2. Vive con los tesoros que hay en el corazón. Cuántos tesoros alberga el corazón puestos por Dios cuando «nos creó a su imagen y semejanza», pero también cuántas miserias acogidas por nuestras distancias con respecto a Él. Hay unas palabras del apóstol san Pablo que llenan nuestra vida: «El amor de Dios ha sido derramado en nuestros corazones» (Rom 5, 5). Y en este sentido, educar desde el corazón es acompañar y descubrir esos tesoros que Dios puso, que no solamente nos hacen felices a nosotros, sino que hacen felices a quienes nos rodean. El corazón es mucho más que un músculo que bombea sangre: bombea vida, emociones, actitudes, valores… Todo ello nos hace crecer como personas y nos humaniza y regala humanidad.

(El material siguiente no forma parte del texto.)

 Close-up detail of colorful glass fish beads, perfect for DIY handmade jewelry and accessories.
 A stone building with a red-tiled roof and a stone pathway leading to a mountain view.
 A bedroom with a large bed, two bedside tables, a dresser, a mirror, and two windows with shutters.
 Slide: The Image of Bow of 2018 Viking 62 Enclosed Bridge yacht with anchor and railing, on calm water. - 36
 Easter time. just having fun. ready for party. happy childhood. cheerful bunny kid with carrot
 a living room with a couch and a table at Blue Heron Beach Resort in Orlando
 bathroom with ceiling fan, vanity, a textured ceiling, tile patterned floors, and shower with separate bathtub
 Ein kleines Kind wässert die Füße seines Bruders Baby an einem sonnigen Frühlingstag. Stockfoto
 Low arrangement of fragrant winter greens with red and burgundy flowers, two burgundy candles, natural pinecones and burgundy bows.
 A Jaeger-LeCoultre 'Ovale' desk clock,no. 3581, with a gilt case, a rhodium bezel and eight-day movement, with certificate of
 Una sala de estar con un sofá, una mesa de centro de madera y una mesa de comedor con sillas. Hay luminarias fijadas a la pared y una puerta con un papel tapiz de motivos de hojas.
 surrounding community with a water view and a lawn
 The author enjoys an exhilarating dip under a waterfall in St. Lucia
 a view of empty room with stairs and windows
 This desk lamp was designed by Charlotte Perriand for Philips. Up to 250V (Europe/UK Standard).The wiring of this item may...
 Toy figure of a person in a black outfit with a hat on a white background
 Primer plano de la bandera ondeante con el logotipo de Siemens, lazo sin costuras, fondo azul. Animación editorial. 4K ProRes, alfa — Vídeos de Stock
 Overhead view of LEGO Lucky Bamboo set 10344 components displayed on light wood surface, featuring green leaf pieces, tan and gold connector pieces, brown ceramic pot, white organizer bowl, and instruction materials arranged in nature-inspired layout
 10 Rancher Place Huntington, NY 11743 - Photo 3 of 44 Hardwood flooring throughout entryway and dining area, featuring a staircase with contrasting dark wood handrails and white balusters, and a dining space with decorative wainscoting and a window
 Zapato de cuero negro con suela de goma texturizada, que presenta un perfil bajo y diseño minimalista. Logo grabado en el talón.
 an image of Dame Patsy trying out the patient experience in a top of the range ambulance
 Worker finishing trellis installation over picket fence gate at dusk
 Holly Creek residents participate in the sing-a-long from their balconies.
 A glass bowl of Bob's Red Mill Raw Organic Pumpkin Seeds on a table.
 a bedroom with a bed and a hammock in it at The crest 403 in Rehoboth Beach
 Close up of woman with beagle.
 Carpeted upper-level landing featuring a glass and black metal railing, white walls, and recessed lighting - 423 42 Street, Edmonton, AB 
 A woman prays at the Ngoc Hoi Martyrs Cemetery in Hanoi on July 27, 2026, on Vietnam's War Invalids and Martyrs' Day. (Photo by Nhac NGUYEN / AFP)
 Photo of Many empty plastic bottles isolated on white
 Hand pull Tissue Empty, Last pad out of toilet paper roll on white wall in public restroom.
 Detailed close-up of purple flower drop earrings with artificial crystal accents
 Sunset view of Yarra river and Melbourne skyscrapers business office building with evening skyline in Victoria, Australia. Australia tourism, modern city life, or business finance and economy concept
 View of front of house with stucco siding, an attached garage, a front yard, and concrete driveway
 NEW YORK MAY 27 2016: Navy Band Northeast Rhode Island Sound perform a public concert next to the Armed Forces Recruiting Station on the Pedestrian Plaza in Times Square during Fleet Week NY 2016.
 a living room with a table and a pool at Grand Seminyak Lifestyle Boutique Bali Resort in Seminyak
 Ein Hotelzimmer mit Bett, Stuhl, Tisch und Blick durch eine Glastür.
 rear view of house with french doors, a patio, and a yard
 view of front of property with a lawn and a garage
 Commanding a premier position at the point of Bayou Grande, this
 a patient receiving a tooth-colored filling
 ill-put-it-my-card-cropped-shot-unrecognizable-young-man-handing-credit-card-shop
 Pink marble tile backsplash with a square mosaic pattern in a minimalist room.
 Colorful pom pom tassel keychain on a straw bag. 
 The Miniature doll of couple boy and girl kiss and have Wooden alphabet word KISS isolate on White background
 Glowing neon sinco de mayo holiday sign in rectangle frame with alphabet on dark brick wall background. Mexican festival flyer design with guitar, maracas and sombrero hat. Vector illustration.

3. Creadores de una atmósfera que da sentido y significado a la vida. Estar desnortados es terrible; vivir a la deriva es arruinarse como persona. Qué importante es ir aprendiendo de lo que vivimos, comprender el porqué de muchos acontecimientos, saber descifrar situaciones. Ayudar a descubrir, a leer e interpretar el significado de todo lo que hacemos es esencial. Cuando en una familia, en una institución educativa sea la que fuere, los niños y los jóvenes preguntan: «¿Por qué tengo que hacer esto?», hay una interpelación. Las atmósferas que creemos tienen que provocar en el corazón de quienes viven en ellas la sabiduría del saber el qué, por qué y para qué. Qué bien suenan aquí esas palabras de Jesús en las que manifiesta la atmósfera que Él ofrece a todos los hombres: «El que no entra por la puerta en el aprisco de las ovejas, sino que salta por otra parte, ese es ladrón y bandido; pero el que entra por la puerta es pastor de las ovejas. […] Yo soy el Buen Pastor. El buen pastor da su vida por las ovejas; […] conozco a las mías, y las mías me conocen, […]. Tengo, además, otras ovejas que no son de este redil; también a esas las tengo que traer, y escucharán mi voz, y habrá un solo rebaño y un solo Pastor» (cfr. Jn 10, 1-16).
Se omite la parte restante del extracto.